*Exercise requirements*. Give the data again exactly, stopping after the "image for item" line.

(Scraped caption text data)
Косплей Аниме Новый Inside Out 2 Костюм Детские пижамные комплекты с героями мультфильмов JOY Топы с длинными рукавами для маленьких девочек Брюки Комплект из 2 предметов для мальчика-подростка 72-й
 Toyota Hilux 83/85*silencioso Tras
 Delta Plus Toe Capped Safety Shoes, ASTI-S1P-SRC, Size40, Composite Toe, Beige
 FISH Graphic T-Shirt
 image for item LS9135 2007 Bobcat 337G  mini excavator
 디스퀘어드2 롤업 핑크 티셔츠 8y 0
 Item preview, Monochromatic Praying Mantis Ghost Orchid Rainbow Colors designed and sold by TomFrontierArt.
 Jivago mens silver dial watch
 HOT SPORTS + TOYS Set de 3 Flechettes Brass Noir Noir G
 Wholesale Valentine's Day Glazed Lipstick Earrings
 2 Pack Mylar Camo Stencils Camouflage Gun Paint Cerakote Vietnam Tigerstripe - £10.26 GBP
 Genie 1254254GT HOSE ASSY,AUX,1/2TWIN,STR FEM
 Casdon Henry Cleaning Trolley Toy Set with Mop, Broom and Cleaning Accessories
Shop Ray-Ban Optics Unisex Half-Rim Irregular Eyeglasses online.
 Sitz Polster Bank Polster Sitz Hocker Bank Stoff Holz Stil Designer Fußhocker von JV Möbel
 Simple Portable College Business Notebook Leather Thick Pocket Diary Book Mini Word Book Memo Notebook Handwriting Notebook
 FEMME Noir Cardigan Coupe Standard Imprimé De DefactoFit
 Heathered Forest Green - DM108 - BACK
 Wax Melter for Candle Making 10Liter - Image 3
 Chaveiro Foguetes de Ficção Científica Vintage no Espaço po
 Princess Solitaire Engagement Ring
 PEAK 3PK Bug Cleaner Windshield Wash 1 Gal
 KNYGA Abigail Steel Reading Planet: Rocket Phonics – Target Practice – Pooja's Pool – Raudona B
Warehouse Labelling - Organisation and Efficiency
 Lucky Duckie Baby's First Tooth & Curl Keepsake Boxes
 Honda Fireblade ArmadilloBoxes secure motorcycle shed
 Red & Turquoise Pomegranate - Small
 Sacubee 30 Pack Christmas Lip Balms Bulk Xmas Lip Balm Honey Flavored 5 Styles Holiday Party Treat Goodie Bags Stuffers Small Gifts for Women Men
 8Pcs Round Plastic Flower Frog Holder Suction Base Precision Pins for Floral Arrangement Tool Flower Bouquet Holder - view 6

*Solution below*.
Косплей Аниме Новый Inside Out 2 Костюм Детские пижамные комплекты с героями мультфильмов JOY Топы с длинными рукавами для маленьких девочек Брюки Комплект из 2 предметов для мальчика-подростка 72-й
 Toyota Hilux 83/85*silencioso Tras
 Delta Plus Toe Capped Safety Shoes, ASTI-S1P-SRC, Size40, Composite Toe, Beige
 FISH Graphic T-Shirt
 image for item LS9135 2007 Bobcat 337G  mini excavator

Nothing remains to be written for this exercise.